Perché io lo sento, lo so: sto cedendo a tratti.
Scricchiolo nelle giunture del cuore, ho le emozioni sfilettate come il merluzzo Findus e l’autostima in saldo da anni.

Mi sveglio e ho già lo sguardo di chi ha fatto la guerra in sogno.
Il caffè mi guarda perplesso, lo specchio pure.
E io, nel dubbio, saluto tutti con un “buongiorno” che sembra più un testamento morale.
Sembro viva, ma in realtà sto andando avanti per inerzia emotiva e biscotti secchi.

E non è solo fisico, eh.
È proprio esistenziale.

Tipo, la mia mente ha deciso di trasformarsi in un centro commerciale il 24 dicembre: confusione, luci intermittenti e un bambino urlante nella corsia delle scelte sbagliate.

Poi il cuore. Ah, il cuore mio.
Una roba meravigliosa, sì, ma completamente anarchica.
Ama a sproposito, si emoziona per pubblicità dei detersivi, si offende se qualcuno mi guarda male in ascensore.
E io a rincorrerlo con la dignità che mi resta, tipo: “scusa, cuore, ma puoi comportarti da adulto un attimo?”

Ma la parte migliore è che, con tutto questo disastro dentro, la gente mi dice:
“Angela, sei una forza della natura.”
Certo. Una natura devastata, tipo post-eruzione del Vesuvio, ma grazie del pensiero.

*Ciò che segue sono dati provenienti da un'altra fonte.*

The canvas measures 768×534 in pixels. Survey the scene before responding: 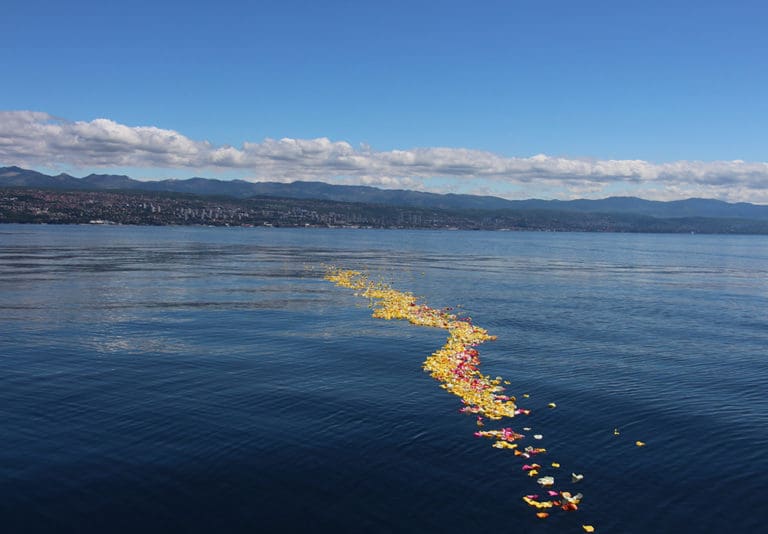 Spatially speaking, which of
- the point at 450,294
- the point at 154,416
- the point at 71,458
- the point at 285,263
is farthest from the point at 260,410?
the point at 285,263

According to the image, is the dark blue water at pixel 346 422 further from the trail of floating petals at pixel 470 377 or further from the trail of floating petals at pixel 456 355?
the trail of floating petals at pixel 456 355

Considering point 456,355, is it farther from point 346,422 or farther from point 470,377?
point 346,422

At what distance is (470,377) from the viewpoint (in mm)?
39781

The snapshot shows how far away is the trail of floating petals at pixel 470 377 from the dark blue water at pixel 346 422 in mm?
758

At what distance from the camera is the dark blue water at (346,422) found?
22000mm

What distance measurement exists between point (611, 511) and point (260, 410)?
19.8 metres

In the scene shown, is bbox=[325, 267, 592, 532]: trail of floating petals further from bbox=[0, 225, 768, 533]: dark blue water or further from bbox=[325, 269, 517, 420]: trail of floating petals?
bbox=[0, 225, 768, 533]: dark blue water

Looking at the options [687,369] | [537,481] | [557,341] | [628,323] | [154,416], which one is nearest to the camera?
[537,481]

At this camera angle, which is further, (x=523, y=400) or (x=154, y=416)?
(x=523, y=400)

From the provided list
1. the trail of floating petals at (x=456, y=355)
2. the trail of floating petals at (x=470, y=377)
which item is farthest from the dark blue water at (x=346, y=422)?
the trail of floating petals at (x=456, y=355)

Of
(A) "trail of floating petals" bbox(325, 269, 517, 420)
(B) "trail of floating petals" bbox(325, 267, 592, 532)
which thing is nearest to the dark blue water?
(B) "trail of floating petals" bbox(325, 267, 592, 532)

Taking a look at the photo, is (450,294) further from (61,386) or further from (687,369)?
(61,386)

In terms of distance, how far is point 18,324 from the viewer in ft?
184

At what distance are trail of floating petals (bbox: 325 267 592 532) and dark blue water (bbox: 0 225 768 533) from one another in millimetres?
758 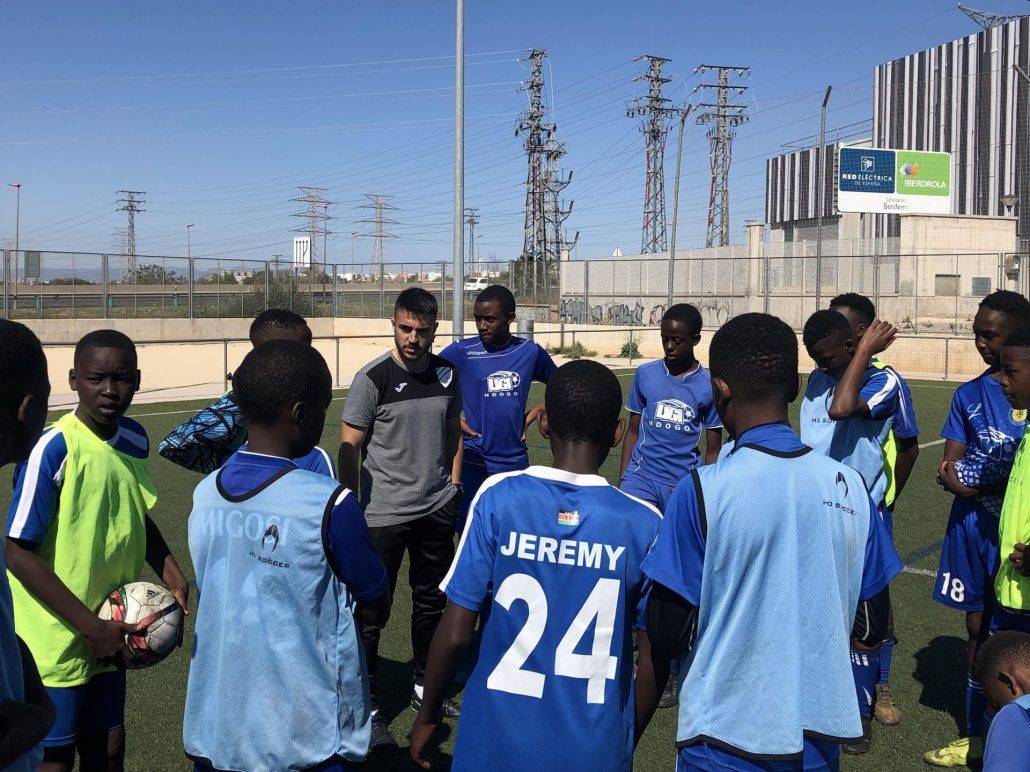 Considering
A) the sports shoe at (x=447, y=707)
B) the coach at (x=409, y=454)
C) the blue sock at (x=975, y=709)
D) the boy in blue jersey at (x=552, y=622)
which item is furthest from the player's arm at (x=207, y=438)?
the blue sock at (x=975, y=709)

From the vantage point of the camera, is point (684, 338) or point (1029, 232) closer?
point (684, 338)

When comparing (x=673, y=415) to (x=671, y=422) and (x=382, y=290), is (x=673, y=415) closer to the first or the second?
(x=671, y=422)

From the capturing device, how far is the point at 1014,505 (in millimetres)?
3754

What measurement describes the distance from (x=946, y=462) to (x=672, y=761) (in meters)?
1.95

E allora mi chiedo, sul serio:
Se mi rompo, chi mi rimonta?
C’è un tutorial su YouTube?
Tipo: “Come riparare una donna che ha mangiato troppi silenzi e pochi abbracci”?
Lo cerco, non c’è.
C’è solo un video di un tizio russo che aggiusta un ferro da stiro con la vodka. E sinceramente, lo invidio.

Poi, però, ecco che succede.

Mi rompo.

Non in modo poetico.
No. Io mi rompo come si rompe la plastica cinese del porta-sapone dell’Eurospin:
di botto, con un rumore ridicolo e pezzi ovunque.
Una scarpa sotto il letto, un pezzo di dignità sul tappeto, un briciolo di pazienza nel forno a microonde.

E in quel momento lì — mentre sto raccogliendo i pezzi con la grazia di una gallina zoppa — realizzo una verità cosmica:

Io mi rompo apposta.

Sì. Proprio così.
Mi rompo per protesta.
Perché rompersi è l’unico modo che ho per non esplodere in mille convenzioni sociali.
Mi smonto per rimettere a posto le parti, magari stavolta lasciando fuori la parte che cerca approvazione da chi manco sa accendere la lavatrice.

E poi… rido.

Rido come una pazza.
Perché il vero miracolo è che, alla fine, cammino lo stesso.
Con il ginocchio che fa click, l’anima che cigola, ma pure una camminata fiera da donna che ha visto cose — e ha pure preso appunti.

E quando mi chiedono:
“Ma come fai ad andare avanti?”

Rispondo sempre uguale:
Con lo scotch, il mascara e il potere terapeutico delle caramelle gommose e frizzanti.